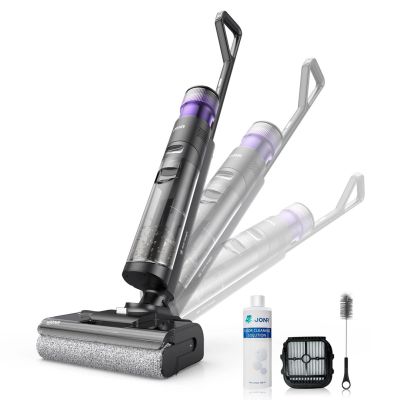 5. Jonr ED12 PRO MAX Upright Vacuum Cleaner Battery Wet and Dry Bagless Gray 4 Ah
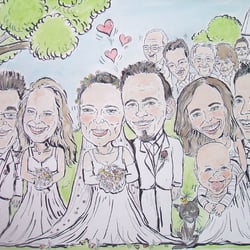 Hochzeitskarikatur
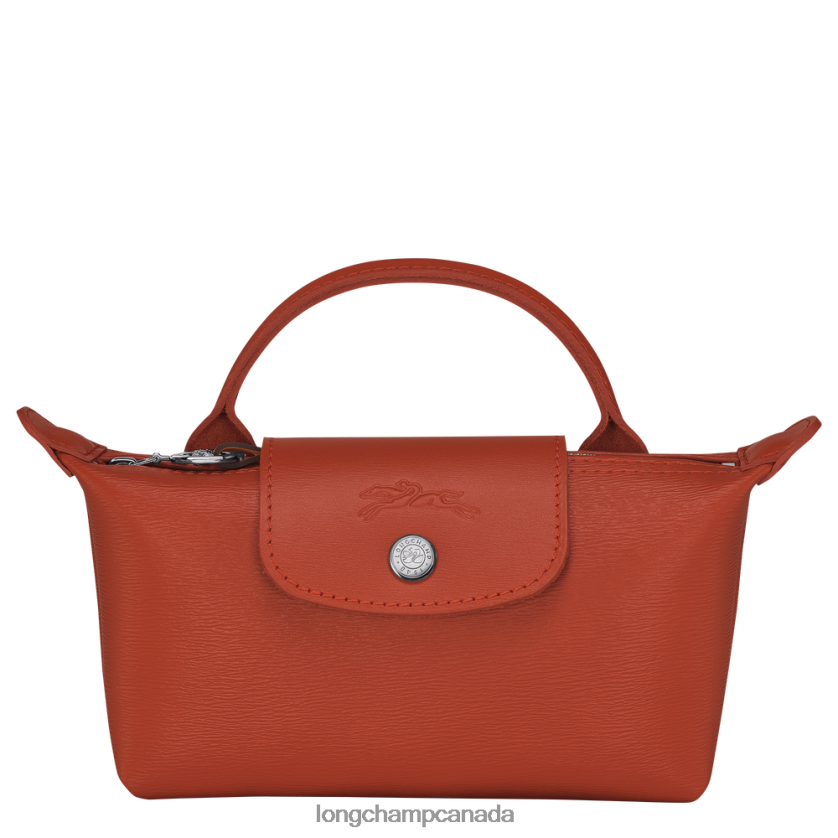 Longchamp Le Pliage City Pouch with handle Terracotta Women Leather Goods 2XXDPB679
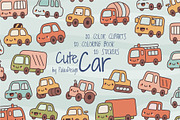 Cute Car Characters, a Transportation Illustration by Palau (Thumbnail 1 of 10)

++++++++

#### Work to complete
Reproduce all the material exactly, omitting images.

#### Task response
 5. Jonr ED12 PRO MAX Upright Vacuum Cleaner Battery Wet and Dry Bagless Gray 4 Ah
 Hochzeitskarikatur
 Longchamp Le Pliage City Pouch with handle Terracotta Women Leather Goods 2XXDPB679
 Cute Car Characters, a Transportation Illustration by Palau (Thumbnail 1 of 10)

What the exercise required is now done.